Tuesday, December 15, 2009

Dark Days Challenge week 4 - squash soup (and the Slow Food Ark of Taste)



This week we had a lovely soup made from green-striped cushaw squash and caramelized onions, along with some homemade croutons.

My method for squash soup is very similar to the one for making potato soup. I start with aromatics, which in this case was simply onions. I decided that I wanted a very rich flavor from them, so I caramelized them until they were a rich brown color (to do this you must cook them slowly, use plenty of butter or oil, and have infinite patience. It always takes much longer than you think it will. Try to allow half an hour.) I added some garlic at the end (garlic will burn if you cook it too long or in too hot a pan) and also a chopped carrot. Carrots go very well in squash soup, and they have the added bonus of really upping the orange factor of the soup. This particular squash had pale yellow flesh, so the carrot really made it look more appealing.


I was using a larger squash so I roasted it beforehand; you could easily use peeled and cubed raw squash for this, but when it comes to tackling a big, hard-skinned squash you can save yourself a lot of trouble by washing it, poking a few holes in it with a knife, and roasting it whole at 400 degrees, checking it/flipping it at 15 minutes for a small squash, or 30 minutes for a large one. I usually put my squash in a pan or on a cookie sheet, but you can also put it directly on the oven rack. For larger squash an hour should do the trick; smaller squash will be done in half an hour. The squash should give to the touch. I split the squash when it comes out of the oven, then let it cool before trying to scoop out the seeds. Okay, so I don't always let it cool completely, but trying to scoop out the seeds while the squash is steaming hot is fairly painful, even with kitchen-hardened fingers. I usually hold the squash with an oven mitt and use the other hand to scoop away the seeds with a spoon. Once the seeds are removed I spoon the flesh into the soup pot.

At this point your squash is cooked and your onions are cooked, but they need some quality time together. I add stock or broth to just cover the squash, and let pot simmer for 10 minutes or so. If I am using raw squash, I do the same thing but allow the squash to simmer until tender, stirring frequently. I added some fresh thyme at the end of the cooking time, since it is my favorite herb at the moment (and you don't want it to cook too long.) I attacked the soup with my immersion blender, seasoned with salt and pepper, then served it with freshly-ground pepper and a sprinkling of Alaea sea salt, which is a traditional Hawaiian table salt with a beautiful red color.

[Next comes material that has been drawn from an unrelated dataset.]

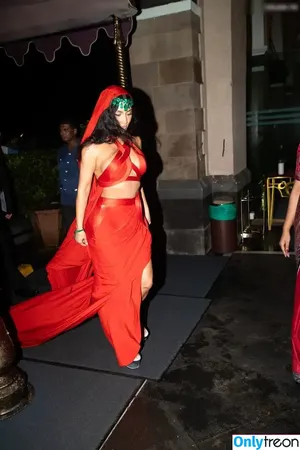 Kim Kardashian / KimKardashian / kim_kardashian nude photo #3925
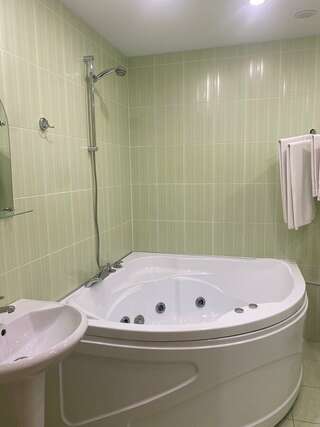 Гостиница Восьмое небо Киров Двухместный номер с 1 кроватью и гидромассажной ванной-13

The squash came from Pop and Judy, two of my favorite farmers (and also my source for local heirloom beans.) Pop told me a wonderful story about how the cushaw squash was his mother's favorite, and that the first year he grew them the plants only produced 2 squash. He gave one to his mother for Christmas, and she proudly showed it off to all of her friends and family. Apparently cushaw are a popular squash in the Appalachians, so my love for it is perfectly understandable (since I have a fair bit of Appalachian heritage.)

Both the sea salt and the squash are items in Slow Food's Ark of Taste Program, which is a catalog of foods that are being threatened with extinction. I'd become hooked on cushaw squash last year (when I roasted an enormous orange-striped cushaw), and the sea salt was left over from an Ark of Taste tasting I attended with my local Slow Food group.

3 comments:

livinginalocalzone said...

This sounds really good, especially with the vast amount of squashes around this time of year. Have you tried lightly roasting the squash during some point in the cooking process? I wonder because I started roasting the potatoes when I make potato soup, and it gives a nice flavor depth. Your carmalization process makes me want to try your recipe/method too.

Anne said...

I usually roast the larger ones very lightly, just so I can manage to cut through the rind. My CSA farmers insist that they taste best when you roast them whole, since they steam a bit in the process.

One thing I haven't tried is really roasting them, to get the squash nice and dark and caramelized. I may try that for my next batch!

Bear said...

Kudos for what sounds like a particularly good use of a couple of delicious Ark products. (We've gotten hooked on the Alaea salt in particular.) I'd kill for some of that soup right now... sounds perfect for this weather!